Page MenuHomePhabricator

Provide canonical data on mobile domains
Closed, ResolvedPublic

Description

Each Wikimedia wiki has a canonical domain (e.g. meta.wikimedia.org). Virtually all have a modified domain for mobile traffic (e.g. meta.m.wikimedia.org). Correctly matching the two is important for things like combining unique devices data, but is difficult to do correctly.

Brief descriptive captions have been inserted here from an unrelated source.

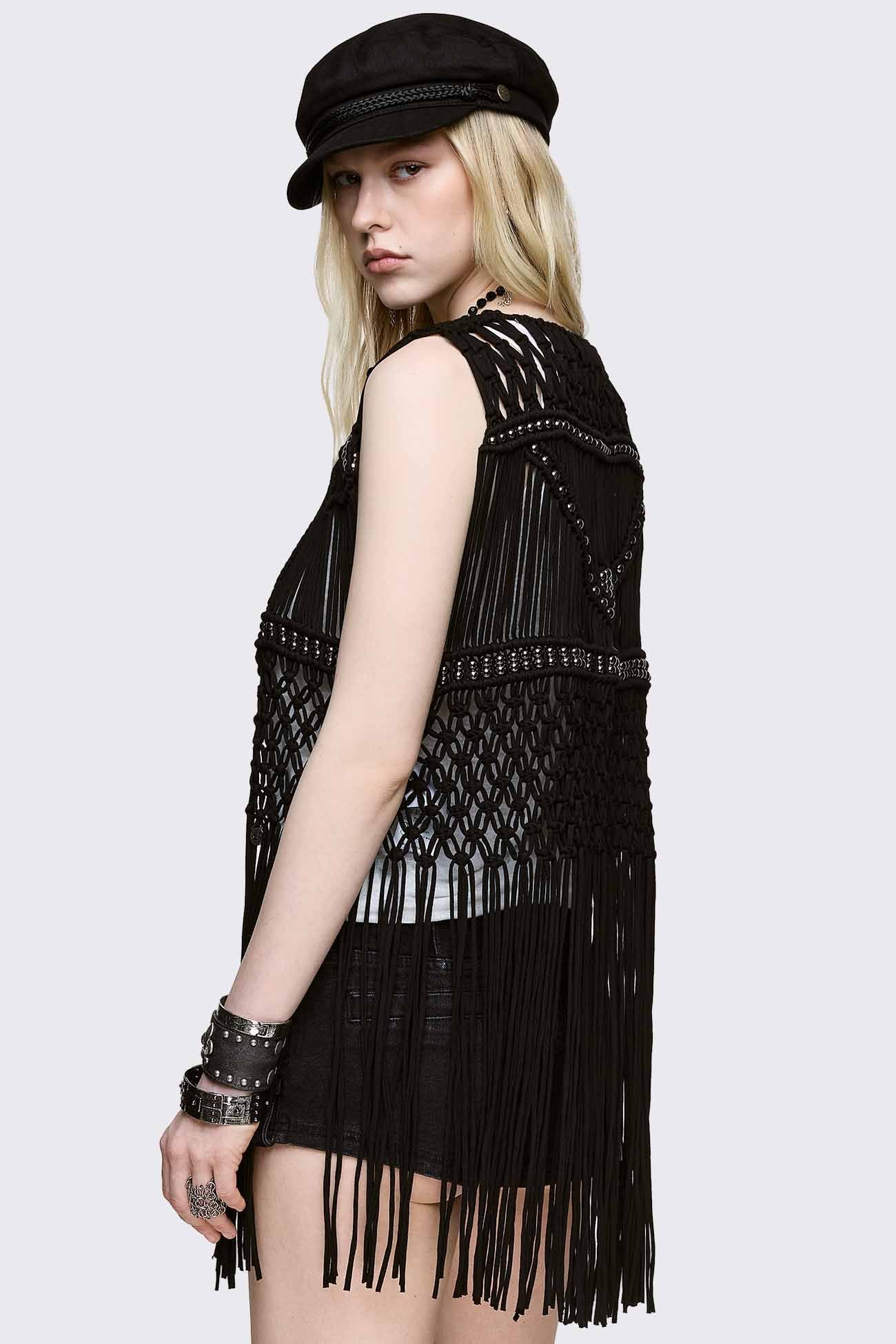 Ingrid Macrame Waistcoat - Image 4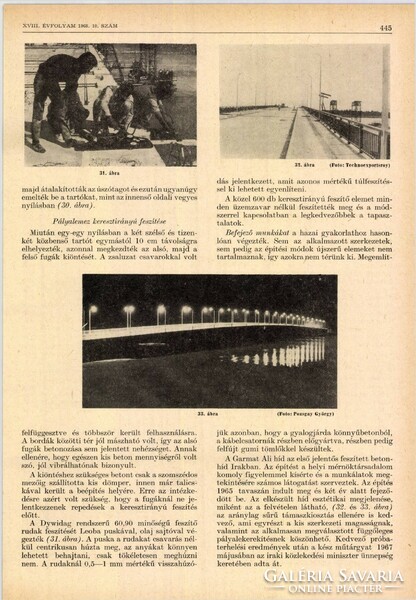 Uvaterv company's architectural plans for the Garmat Ali Bridge in Iraq from 1963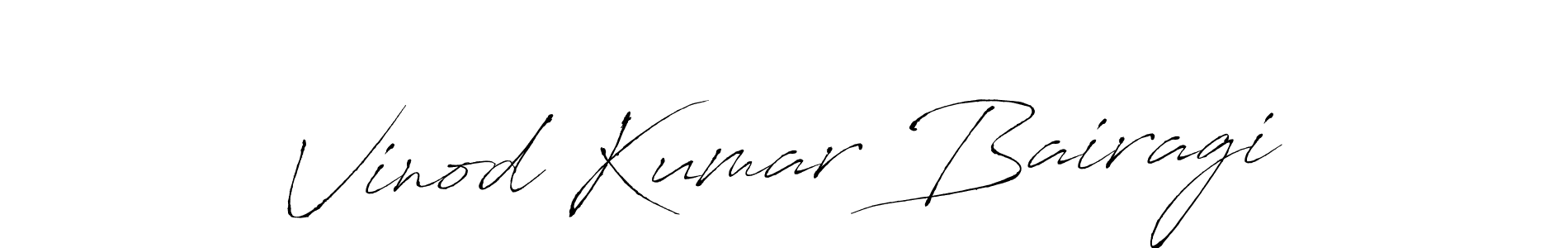 How to make Vinod Kumar Bairagi signature? Antro_Vectra is a professional autograph style. Create handwritten signature for Vinod Kumar Bairagi name. Vinod Kumar Bairagi signature style 6 images and pictures png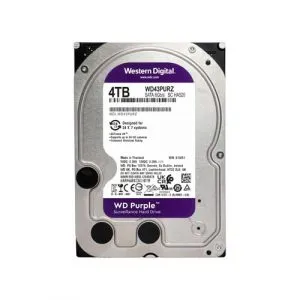 Western Digital 4TB WD Purple SATA Interface, Transfer Rate Up to 175MB/s, 256MB Cache, Surveillance Hard Drive
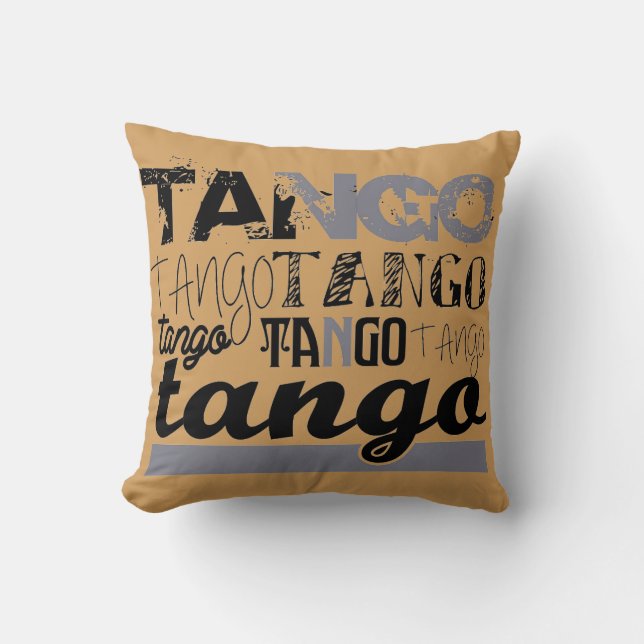 Coussin Juste tango (Recto)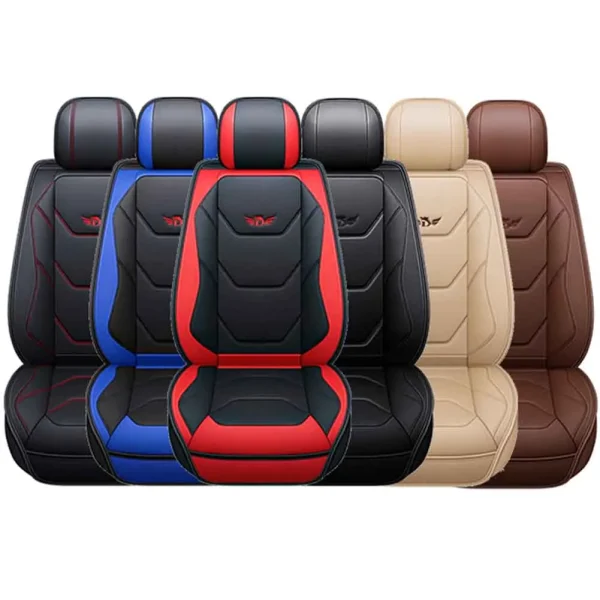 Universal Car Seat Cover Set PU Leather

One query-time strategy that works correctly in almost all cases is this:

-- Strip mobile subdomains so mobile and desktop sites are combined. 
REGEXP_REPLACE(
    REGEXP_REPLACE(
        -- The canonical domains for Wikidata and MediaWiki.org start with `www`, which 
        -- gets _replaced_ by the mobile subdomain. Combine the two possibilites for each site.
        REGEXP_REPLACE(
            REGEXP_REPLACE(domain, "^m\\\\.wikidata", "www.wikidata"),
        "^m\\\\.mediawiki", "www.mediawiki"),
    "^m\\\\.", ""),
"\\\\.m\\\\.", ".")

However, this is clumsy (and will get clumsier after we add Wikifunctions alongside Wikidata and MediaWiki.org).

A much better strategy would be to provide canonical translations as part of our canonical data.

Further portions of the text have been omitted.